Work instructions:
The reply must return each line of the data exactly.

===== Data provided

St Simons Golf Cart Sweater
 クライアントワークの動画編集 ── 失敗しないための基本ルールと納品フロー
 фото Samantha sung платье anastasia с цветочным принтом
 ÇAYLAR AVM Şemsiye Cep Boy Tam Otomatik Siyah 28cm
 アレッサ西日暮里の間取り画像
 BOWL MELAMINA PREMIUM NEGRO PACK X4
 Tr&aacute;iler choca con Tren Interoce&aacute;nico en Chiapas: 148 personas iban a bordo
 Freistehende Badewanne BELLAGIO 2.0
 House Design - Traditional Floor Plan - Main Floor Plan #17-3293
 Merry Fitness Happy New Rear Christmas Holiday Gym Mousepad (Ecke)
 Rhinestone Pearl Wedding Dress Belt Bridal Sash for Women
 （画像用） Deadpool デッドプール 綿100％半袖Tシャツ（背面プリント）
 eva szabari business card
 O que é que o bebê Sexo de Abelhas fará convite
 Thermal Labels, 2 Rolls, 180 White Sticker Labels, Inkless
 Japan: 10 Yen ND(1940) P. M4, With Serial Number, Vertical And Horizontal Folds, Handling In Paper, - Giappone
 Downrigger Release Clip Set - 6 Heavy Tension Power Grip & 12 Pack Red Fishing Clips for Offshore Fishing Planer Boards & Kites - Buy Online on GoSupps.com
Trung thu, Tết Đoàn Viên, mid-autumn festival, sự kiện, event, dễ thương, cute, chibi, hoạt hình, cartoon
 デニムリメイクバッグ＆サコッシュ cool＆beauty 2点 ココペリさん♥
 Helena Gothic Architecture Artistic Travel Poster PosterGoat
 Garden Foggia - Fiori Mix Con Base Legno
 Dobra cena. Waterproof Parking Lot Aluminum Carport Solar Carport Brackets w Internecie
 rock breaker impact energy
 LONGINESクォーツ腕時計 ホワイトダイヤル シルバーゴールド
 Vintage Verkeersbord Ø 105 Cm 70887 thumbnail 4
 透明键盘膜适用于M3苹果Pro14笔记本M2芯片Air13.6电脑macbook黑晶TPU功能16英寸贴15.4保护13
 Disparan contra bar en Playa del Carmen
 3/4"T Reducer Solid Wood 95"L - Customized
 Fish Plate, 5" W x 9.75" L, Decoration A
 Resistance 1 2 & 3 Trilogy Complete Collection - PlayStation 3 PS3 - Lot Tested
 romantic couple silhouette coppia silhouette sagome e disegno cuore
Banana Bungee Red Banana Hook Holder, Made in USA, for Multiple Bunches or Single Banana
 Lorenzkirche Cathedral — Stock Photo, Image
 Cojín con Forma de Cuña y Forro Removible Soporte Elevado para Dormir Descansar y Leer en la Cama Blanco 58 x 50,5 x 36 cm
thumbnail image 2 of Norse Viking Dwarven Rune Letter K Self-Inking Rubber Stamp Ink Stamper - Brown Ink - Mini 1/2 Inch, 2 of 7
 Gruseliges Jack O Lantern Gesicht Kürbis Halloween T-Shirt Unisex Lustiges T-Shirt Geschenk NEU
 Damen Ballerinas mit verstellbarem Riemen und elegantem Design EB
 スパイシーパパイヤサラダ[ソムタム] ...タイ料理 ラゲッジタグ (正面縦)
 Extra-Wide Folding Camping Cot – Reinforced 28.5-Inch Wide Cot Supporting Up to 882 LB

==========

Result below:
St Simons Golf Cart Sweater
 クライアントワークの動画編集 ── 失敗しないための基本ルールと納品フロー
 фото Samantha sung платье anastasia с цветочным принтом
 ÇAYLAR AVM Şemsiye Cep Boy Tam Otomatik Siyah 28cm
 アレッサ西日暮里の間取り画像
 BOWL MELAMINA PREMIUM NEGRO PACK X4
 Tr&aacute;iler choca con Tren Interoce&aacute;nico en Chiapas: 148 personas iban a bordo
 Freistehende Badewanne BELLAGIO 2.0
 House Design - Traditional Floor Plan - Main Floor Plan #17-3293
 Merry Fitness Happy New Rear Christmas Holiday Gym Mousepad (Ecke)
 Rhinestone Pearl Wedding Dress Belt Bridal Sash for Women
 （画像用） Deadpool デッドプール 綿100％半袖Tシャツ（背面プリント）
 eva szabari business card
 O que é que o bebê Sexo de Abelhas fará convite
 Thermal Labels, 2 Rolls, 180 White Sticker Labels, Inkless
 Japan: 10 Yen ND(1940) P. M4, With Serial Number, Vertical And Horizontal Folds, Handling In Paper, - Giappone
 Downrigger Release Clip Set - 6 Heavy Tension Power Grip & 12 Pack Red Fishing Clips for Offshore Fishing Planer Boards & Kites - Buy Online on GoSupps.com
Trung thu, Tết Đoàn Viên, mid-autumn festival, sự kiện, event, dễ thương, cute, chibi, hoạt hình, cartoon
 デニムリメイクバッグ＆サコッシュ cool＆beauty 2点 ココペリさん♥
 Helena Gothic Architecture Artistic Travel Poster PosterGoat
 Garden Foggia - Fiori Mix Con Base Legno
 Dobra cena. Waterproof Parking Lot Aluminum Carport Solar Carport Brackets w Internecie
 rock breaker impact energy
 LONGINESクォーツ腕時計 ホワイトダイヤル シルバーゴールド
 Vintage Verkeersbord Ø 105 Cm 70887 thumbnail 4
 透明键盘膜适用于M3苹果Pro14笔记本M2芯片Air13.6电脑macbook黑晶TPU功能16英寸贴15.4保护13
 Disparan contra bar en Playa del Carmen
 3/4"T Reducer Solid Wood 95"L - Customized
 Fish Plate, 5" W x 9.75" L, Decoration A
 Resistance 1 2 & 3 Trilogy Complete Collection - PlayStation 3 PS3 - Lot Tested
 romantic couple silhouette coppia silhouette sagome e disegno cuore
Banana Bungee Red Banana Hook Holder, Made in USA, for Multiple Bunches or Single Banana
 Lorenzkirche Cathedral — Stock Photo, Image
 Cojín con Forma de Cuña y Forro Removible Soporte Elevado para Dormir Descansar y Leer en la Cama Blanco 58 x 50,5 x 36 cm
thumbnail image 2 of Norse Viking Dwarven Rune Letter K Self-Inking Rubber Stamp Ink Stamper - Brown Ink - Mini 1/2 Inch, 2 of 7
 Gruseliges Jack O Lantern Gesicht Kürbis Halloween T-Shirt Unisex Lustiges T-Shirt Geschenk NEU
 Damen Ballerinas mit verstellbarem Riemen und elegantem Design EB
 スパイシーパパイヤサラダ[ソムタム] ...タイ料理 ラゲッジタグ (正面縦)
 Extra-Wide Folding Camping Cot – Reinforced 28.5-Inch Wide Cot Supporting Up to 882 LB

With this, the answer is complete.